Stuck on an issue?

Lightrun Answers was designed to reduce the constant googling that comes with debugging 3rd party libraries. It collects links to all the places you might be looking at while hunting down a tough bug.

And, if you’re still stuck at the end, we’re happy to hop on a call to see how we can help out.

Messages dropping on the floor with transactional producer

See original GitHub issue

Description

If connectivity to the cluster is lost after a call to CommitTransaction, subsequent transactions will “succeed” although there is no connectivity to the broker.

I don’t think this is the intended behaviour, my understand was we could ignore the delivery reports with a transactional producer (see https://github.com/edenhill/librdkafka/blob/5fa114ccab90b0a7640b2621bf3e88314d731b84/examples/transactions.c#L102-L109).

Based on the debug logs (see below), the "No partitions registered: not sending EndTxn" made me think of this change: https://github.com/edenhill/librdkafka/pull/3271 but I haven’t investigated.

Killing connectivity at other points behaves fine (e.g. before committing).

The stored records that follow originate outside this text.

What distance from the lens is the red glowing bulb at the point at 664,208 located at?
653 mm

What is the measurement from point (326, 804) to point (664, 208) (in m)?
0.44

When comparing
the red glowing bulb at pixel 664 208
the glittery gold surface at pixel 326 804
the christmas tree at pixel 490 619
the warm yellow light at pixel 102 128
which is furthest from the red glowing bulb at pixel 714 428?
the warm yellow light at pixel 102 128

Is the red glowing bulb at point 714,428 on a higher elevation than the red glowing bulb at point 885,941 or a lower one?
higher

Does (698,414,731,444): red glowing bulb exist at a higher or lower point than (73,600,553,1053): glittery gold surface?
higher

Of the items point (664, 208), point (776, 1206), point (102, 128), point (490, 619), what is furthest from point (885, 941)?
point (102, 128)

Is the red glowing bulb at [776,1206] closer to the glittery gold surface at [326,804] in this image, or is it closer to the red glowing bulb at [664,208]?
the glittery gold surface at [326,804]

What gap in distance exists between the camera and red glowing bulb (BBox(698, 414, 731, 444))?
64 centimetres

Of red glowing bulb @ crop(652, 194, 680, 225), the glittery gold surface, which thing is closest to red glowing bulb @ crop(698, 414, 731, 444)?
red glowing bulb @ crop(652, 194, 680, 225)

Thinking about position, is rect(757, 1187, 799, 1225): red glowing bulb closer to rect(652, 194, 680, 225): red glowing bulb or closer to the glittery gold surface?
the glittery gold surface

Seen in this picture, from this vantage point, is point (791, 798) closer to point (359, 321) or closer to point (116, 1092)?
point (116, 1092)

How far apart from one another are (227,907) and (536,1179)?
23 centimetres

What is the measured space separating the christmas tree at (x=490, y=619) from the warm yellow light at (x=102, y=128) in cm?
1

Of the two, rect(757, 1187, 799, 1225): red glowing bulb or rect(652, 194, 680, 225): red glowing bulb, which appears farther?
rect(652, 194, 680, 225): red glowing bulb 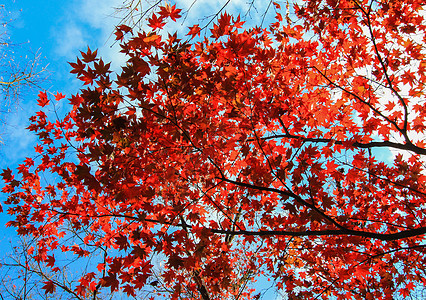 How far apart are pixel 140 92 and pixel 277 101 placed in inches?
99.7

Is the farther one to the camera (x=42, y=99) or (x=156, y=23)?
(x=42, y=99)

Apologies in advance if there is something I haven’t understood.

How to reproduce

This repros consistently for me (100%)

using System;
using System.Collections.Generic;
using System.Linq;
using System.Threading.Tasks;
using Confluent.Kafka;

namespace TestProducer
{
    public class Producer
    {
        private const string MessageTopic = "important-numbers-5";
        private readonly IEnumerable<int> _numbersToSend = Enumerable.Range(0, Int32.MaxValue);
        private readonly IProducer<byte[], string> _kafkaProducer;

        public Producer()
        {
            var producerConfig = new ProducerConfig
            {
                BootstrapServers = "kafka:9092",
                SecurityProtocol = SecurityProtocol.Plaintext,
                SaslMechanism = SaslMechanism.Plain,
                TransactionalId =  "txd-id-54321",
                EnableIdempotence = true,
                TransactionTimeoutMs = 10 * 1000,
                MaxInFlight = 1,
                LingerMs = 2,
                MessageSendMaxRetries = Int32.MaxValue,
                QueueBufferingMaxKbytes = 100000,
                CompressionType = CompressionType.None,
                Debug = "broker,protocol,msg,eos",
                Acks = Acks.All,
                BrokerAddressFamily = BrokerAddressFamily.V4
            };

            void LogHandler(IProducer<byte[], string> producer, LogMessage logMessage) =>
                Console.WriteLine(logMessage.Message);

            _kafkaProducer = new ProducerBuilder<byte[], string>(producerConfig)
                .SetLogHandler(LogHandler)
                .Build();
        }

        public void Run()
        {
            _kafkaProducer.InitTransactions(TimeSpan.FromSeconds(10));
            _ = Task.Run(ProduceLoop);
        }

        private void ProduceLoop()
        {
            foreach (var msg in _numbersToSend)
            {
                Console.WriteLine($"Going to send: {msg}");
                _kafkaProducer.BeginTransaction();
                _kafkaProducer.Produce(MessageTopic, new Message<byte[], string>
                {
                    Key = null,
                    Value = msg.ToString(),
                });
                _kafkaProducer.CommitTransaction();
                Console.WriteLine("Successfully committed"); // <--- Here
                // 1. Breakpoint on the above line
                // 2. Kill connection to kafka
                // 3. Resume + remove breakpoint
                // 4. Watch subsequent messages being dropped on the floor every transaction.timeout.ms
            }
        }
    }
}

The way I have been simulating connectivity issues is with socat:

---
version: '3.4'

services:
  zookeeper:
    image: wurstmeister/zookeeper
    ports:
      - "2181:2181"

  kafka:
    image: wurstmeister/kafka:2.13-2.7.0
    environment:
      KAFKA_BROKER_ID: "991"
      KAFKA_LISTENERS: PLAINTEXT://kafka:9092
      KAFKA_ADVERTISED_LISTENERS: PLAINTEXT://kafka:9092
      KAFKA_ZOOKEEPER_CONNECT: zookeeper:2181
      LOG4J_LOGGER_KAFKA: DEBUG
      LOG4J_LOGGER_ORG_APACHE_KAFKA: DEBUG

  socat:
    image: alpine/socat:latest
    ports:
      - "9092:9092"
    command: tcp-listen:9092,fork,reuseaddr tcp:kafka:9092

and then docker-compose -f docker-compose.kafka.yml kill socat (and 127.0.0.1 kafka in my hosts file)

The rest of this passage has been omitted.